Thursday, April 30, 2009

Day 4

#sorry, you gotta face it.#

i am really depressed. my application for a transfer had been rejected. looks like i will be stucked here for 10 weeks, will have to endure pointless discussions with my teammates. i dunno. after the phone call, i just can't help feeling very bitter. tears start swelling in my eyes. the coordinator is very nice but she just wouldn't permit my transfer despite how i reason with her.

**teammates**
i think i have a bit of issue with them.
this team is really unbalanced in terms of skills and expertise-all very blur (including me).
and some really have a different eye on "standard". you would think an ERD comes with attributes, but some just think attributes are unnecessary in ERD. the leader of the group himself is quite unsure of what he's doing and writing. (and he's an ex-dip! isn't he supposed to be good-or at least knowledgeable?!) i am not born a leader, so don't ask me to lead the discussion as i am more comfortable in giving opinions! and, despite me telling him that the two entity that has the same attributes should be grouped into one, he still seperates them. come on!!!

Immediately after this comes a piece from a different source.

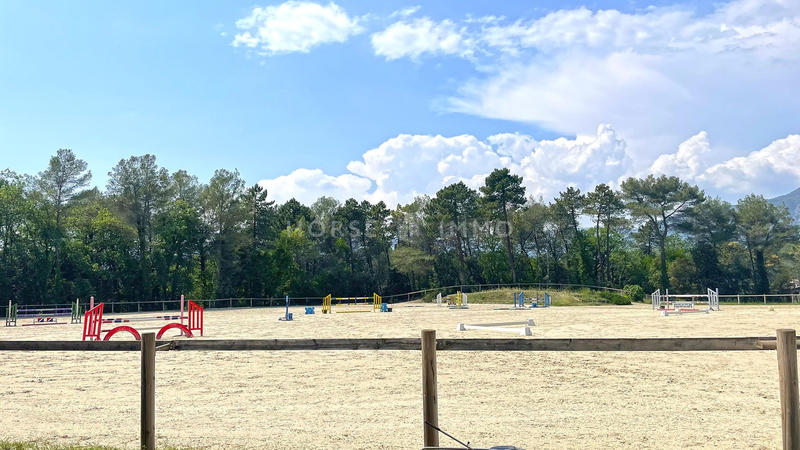 Maison - 600 m² - 20 pièces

i have to say there are no cohesiveness and bonding in this group at all. i think part of the reason is that i don't feel like bonding too. so, my bad.

what i regret very much is that i couldn't choose the right choice - going under Dr. Fatimah's wing (working in FSKTM) and instead, i agree to a place so far from my hostel. i am sooooo stupid!!! so, practically, i am doomed here.

very unhappy here. negative.


"yeah, you are right. it's part of learning."